Um mundo cheio de criaturas que mesclam entidades demoníacas com máquinas, cenários com cores e formas ultra saturadas que beiram o surrealismo estético e uma história não tão estranha assim, mas contada do jeito dos mais malucos. Poison Control tem muitos elementos exagerados que ora ou outra surgem para mexer um pouco com os padrões atuais no mercado de jogos e fica difícil inclusive delimitar gênero ou nicho ao qual se destina. Por um lado, esse é talvez o maior acerto da produção, que consegue inovar dentro do gênero shooter em terceira pessoa; mas por outro, fica a sensação de que a ousadia não consegue dar o passo adiante, e o game parece um daqueles casos onde o conceito é mais interessante que a execução.

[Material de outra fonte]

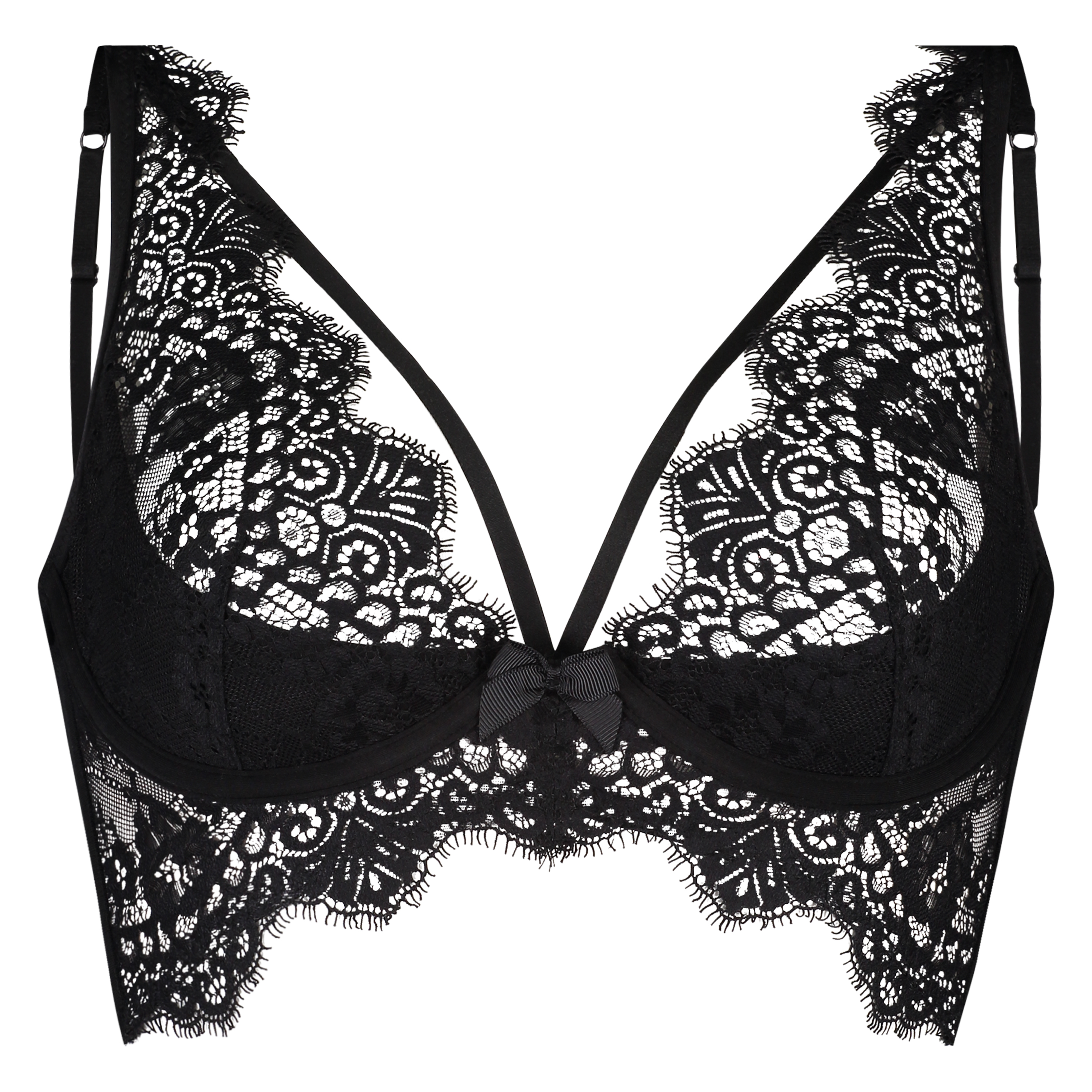 Marilee Non-Padded Underwired Longline Bra, Black, main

Em termos narrativos, há um certo mistério a ser resolvido e que, aos poucos, vamos compreendendo um pouco melhor, ainda que a forma de se contar não seja tão simples assim. Basicamente, o jogador assume um personagem levemente customizável que se encontra em um mundo estranho, sem qualquer memória ou pista do porquê está ali. Sem tempo para muitos questionamentos, logo se vê no confronto com criaturas bizarras (que mais parecem versões malvadas de Marvin (do Guia do Mochileiro das Galáxias), e que mais tarde saberemos que são chamados de Kleshas. Com uma ajuda inesperada da entidade que se auto-denomina Poisonette, nossa heroína deve conseguir se livrar das ameaças e aprender os princípios básicos de como se comportar nesse novo universo.
Dividido de forma bastante tradicional em fases de começo, meio e fim, o jogo logo nos justifica essa organização em grandes círculos, que nada mais que são que infernos, ou domínios que estão povoados e envenenados por alguma entidade com seus medos, amarguras e ressentimentos. Daí vem a necessidade de purificação, por assim dizer, e a possibilidade de alguma redenção. Se a ideia remete rapidamente a Dante Alighieri, a referência acaba ficando na superfície e a história de alguém guiado pelo inferno por círculos ganha contornos próprios e muito particulares. O mesmo vale para os aspectos tratados no jogo, como violência e assassinato (temas que levaram ao rancor que inspira cada nível) e que são levianamente trabalhados em conversas que passam meio que despercebidos.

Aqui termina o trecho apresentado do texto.